As an initial note, the Trustee has the implicit authority under the Bankruptcy Code to recover overpayments made to a creditor. See 11 U.S.C. 502(j) (2021) (providing that "this subsection does not alter or modify the trustee's right to recover from a creditor any excess payment or transfer made to such creditor"); Kerney v. Capital One Fin. Corp. (In re Sims) , 278 B.R. 457, 477 (Bankr. E.D. Tenn. 2002) ("It is clear from [ § 502(j) ] that a trustee's authority to recover overpayments from a creditor is implied or contemplated by the Bankruptcy Code notwithstanding the absence of a specific Bankruptcy Code provision expressly granting such authority."); Vieira v. AGM II, LLC and Lancelot Investor Fund, L.P. d/b/a Surge Capital (In re Worldwide Wholesale Lumber, Inc.) , 372 B.R. 796, –––– (Bankr. D.S.C. 2007) (noting that a bankruptcy trustee may recoup an overpayment to a creditor (citing 11 U.S.C. § 502(j) ).

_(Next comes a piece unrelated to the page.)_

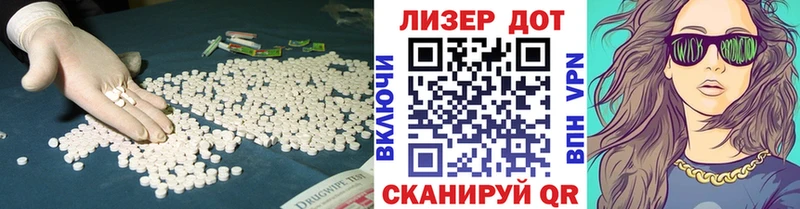 ЛСД экстази ecstasy  купить закладку  Новомичуринск 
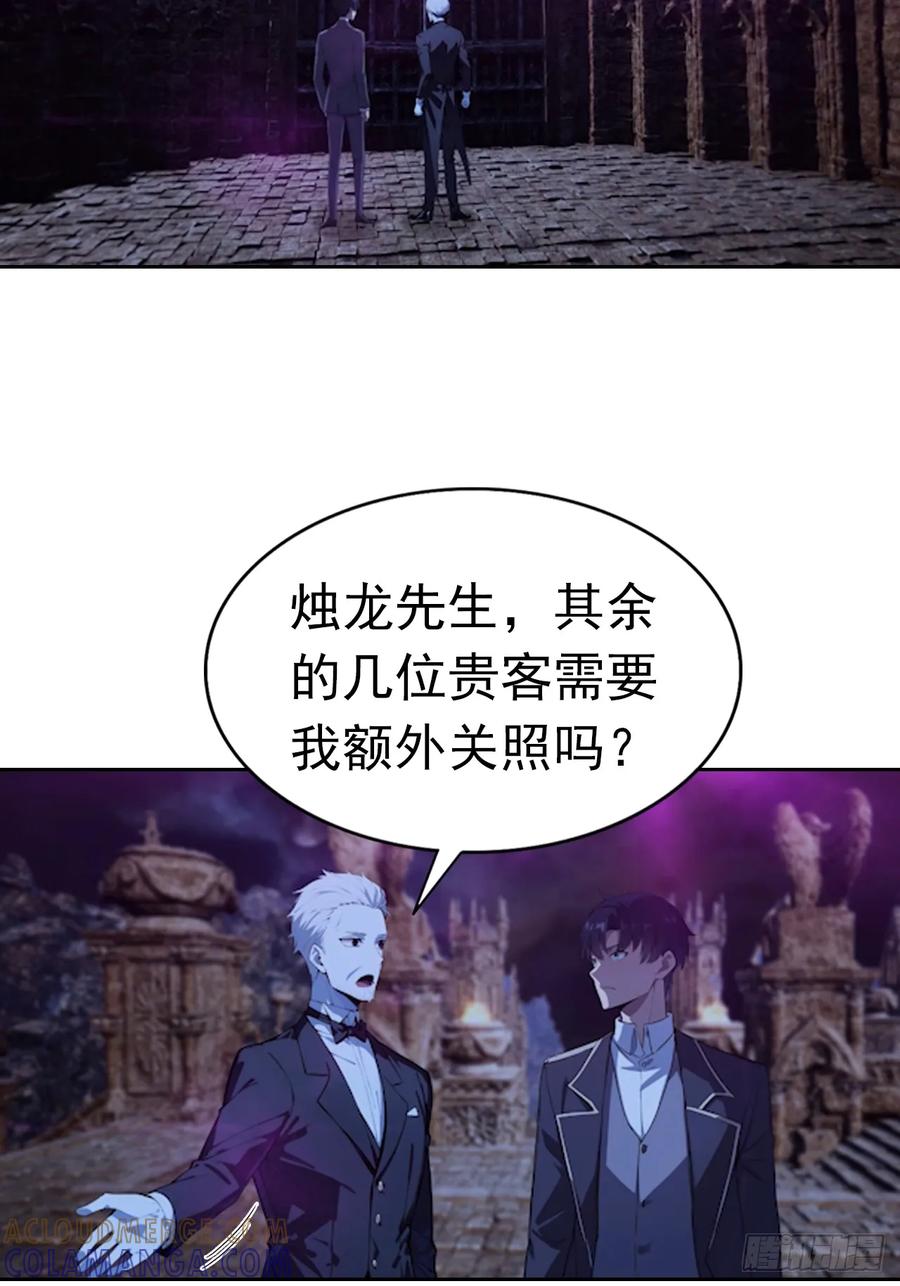 《诡异游戏：我靠亿万功德氪通关》第175话 送礼的妙用 第34页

This Court recently addressed a request for a creditor's disgorgement of an overpayment under the terms of a confirmed plan in In re Alston , 610 B.R. 551 (Bankr. D.S.C. 2019). In Alston , the confirmed plan provided that the creditor's claim would be paid in full through disbursements by the trustee; however, the debtor paid the creditors claim in full satisfaction during a period when the debtor's case was briefly dismissed before being reinstated upon the debtor's request. Id. at 553. Without notice or knowledge of the full payment to the creditor by the debtor during the short period when the case was dismissed, the Trustee continued to make disbursements to the creditor during the course of the debtor's case under the terms of the confirmed plan. Id. Ultimately, the creditor received the full payment of the claim twice, once from the debtor and once from the trustee disbursements. Id. The Court in Alston held that accepting and retaining the overpayment was a violation of the plan and the confirmation order and required the creditor to return the overpayment pursuant to § 105. Id. at 554. Section 105(a) provides that:

The Court may issue any order, process, or judgment that is necessary or appropriate to carry out the provisions of [the Bankruptcy Code.] No provision of [the Bankruptcy Code] providing the raising of an issue by a party in interest shall be construed to preclude the court from, sua sponte, taking any action or making any determination necessary or appropriate to enforce or implement court orders or rules, or to prevent an abuse of process.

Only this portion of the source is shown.